▶ **How to complete this task**
Pull out of the data below the stretch of lines bounded by the one containing "Kenwood 320 w arginal 100% Kenwood" and the one containing "Ford Explorer 2.3", both bounds included, unchanged.

▶ **Provided records**
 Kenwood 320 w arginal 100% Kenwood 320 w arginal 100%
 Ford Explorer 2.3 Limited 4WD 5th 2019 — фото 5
* * *
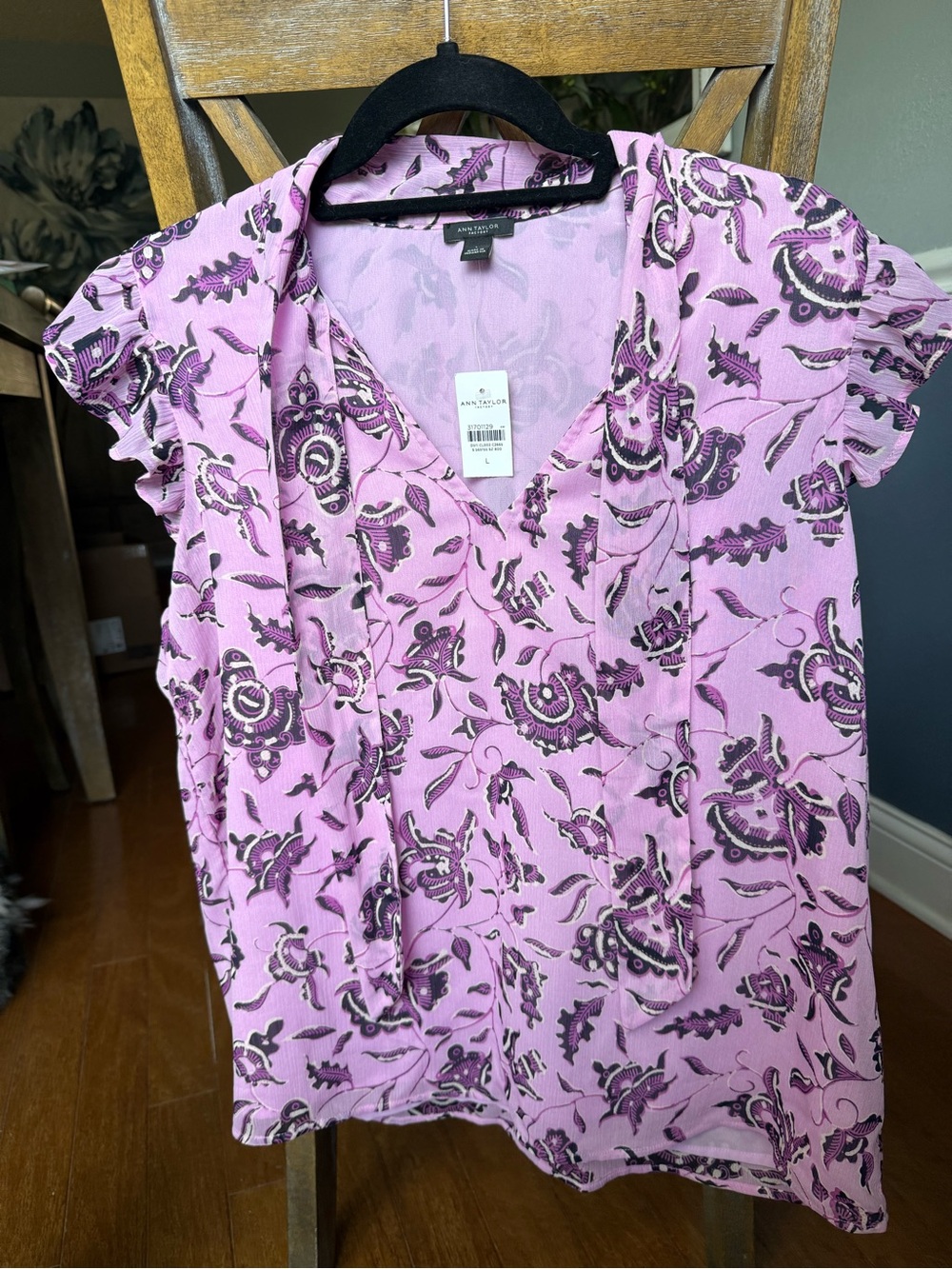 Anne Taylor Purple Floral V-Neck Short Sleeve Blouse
==
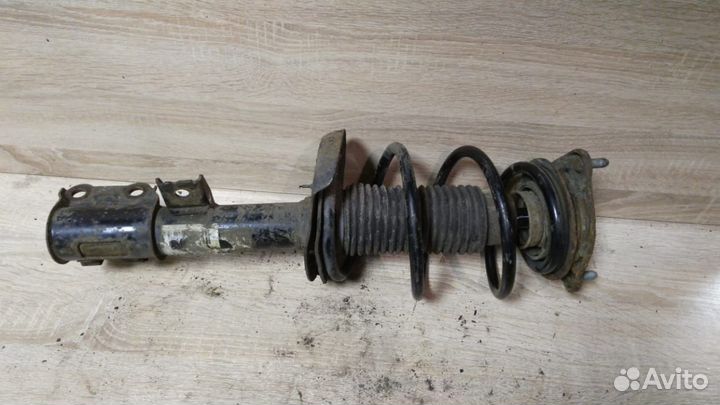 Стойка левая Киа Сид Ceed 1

▶ **Reply to the task**
 Kenwood 320 w arginal 100% Kenwood 320 w arginal 100%
 Ford Explorer 2.3 Limited 4WD 5th 2019 — фото 5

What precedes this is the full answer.